The first discussion to start was based on digital literacy. Three questions were posted to the class.
- What literacies do you see as fundamental to a positive online experience?
- Which ones do you currently possess?
- Which ones do you think you will need to learn?
1. What literacies do you see as fundamental to a positive online experience?
I did a presentation last year specifically on digital literacies and found one particular person's work resonated with me the most. That is of Doug Belshaw, http://dougbelshaw.com/blog/2011/05/20/the-essential-elements-of-digital-literacies/. For me, each of his elements of digital literacy I find to be truly needed in order to succeed and perhaps survive in today's digital world. However, while working on this presentation and researching information about digital literacy, this was the list of skills that I focused on:
- Play (experimentation leading to problem solving)
- Performance (taking on new identities leading to discovery)
- Simulation (interpreting online environments into real world contextualization)
- Appropriations (sampling and remixing media into meaningful contexts)
- Multitasking (scanning and being able to focus on you digital environment)
- Distributed Cognition (using tools in meaningful ways to expand knowledge)
- Collective Intelligence (pooling and comparing knowledge)
- Judgement (being able to evaluate reliability and credibility)
- Transmedia Navigation (follow/track information across various sources/media)
- Networking (search, process, and share information)
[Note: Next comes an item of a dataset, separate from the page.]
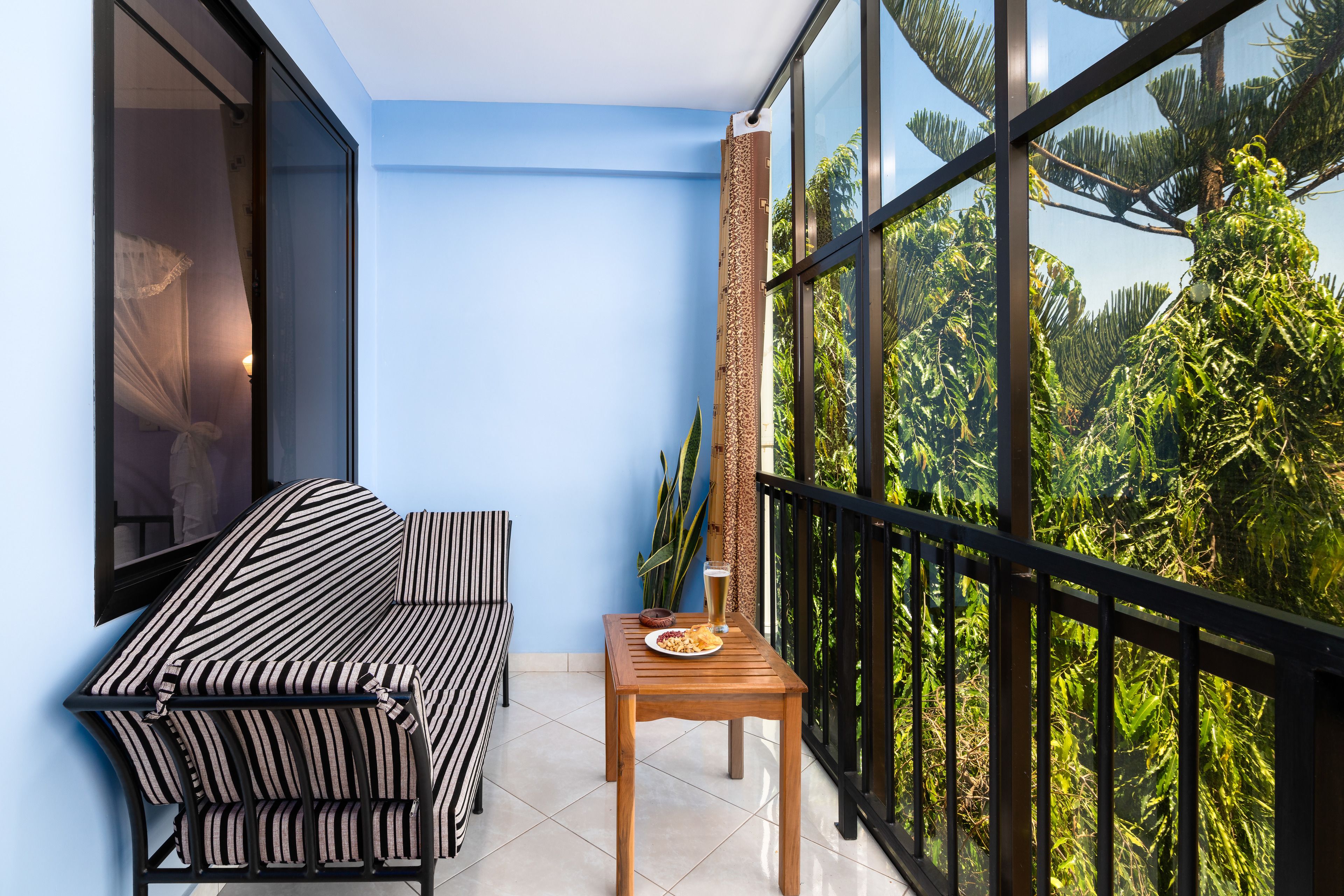 스탠다드 더블룸, 발코니 | 발코니 전망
- Negotiation (understand and respect other perspectives)
- Visualization (translate information into visual models/understand visual models)
This list of skills are the ones that I believe we need to possess in order to not only successfully navigate the digital world, but to be able to participate in it. Participating is just as important if not more than just being able to find the information you seek. Being able to re-purpose, share, and discuss with others is what truly expands ones own knowledge.
2. Which ones do you currently possess?
Having been exposed to computers for much of my life, and having integrating social networking/learning into many aspects of my personal and professional life, I think posses each of these skills to some degree. Some certainly much stronger and more skilled than others and like anyone, I'm sure some of these skills I gravitate to explore and build upon more than others.
There are certainly skills I need to practice more to become more masterful at them. Visualization is a key one for myself and something I have been working on over the last year. Understanding visual models is not difficult, it is being able to convey my messages/thoughts/knowledge-to-share in a visual way with others that I would like to improve upon.
Negotiation and the ability to grasp, understand, and respect someone else's perspective on any given topic is one that I believe no one will ever truly master, but one that must be worked upon each and every day. Only when we try to understand another perspective to do truly learn beyond our own mindful boundaries.
I'm curious if you agree with this list? Is anything missing? Which do you think you need to work on?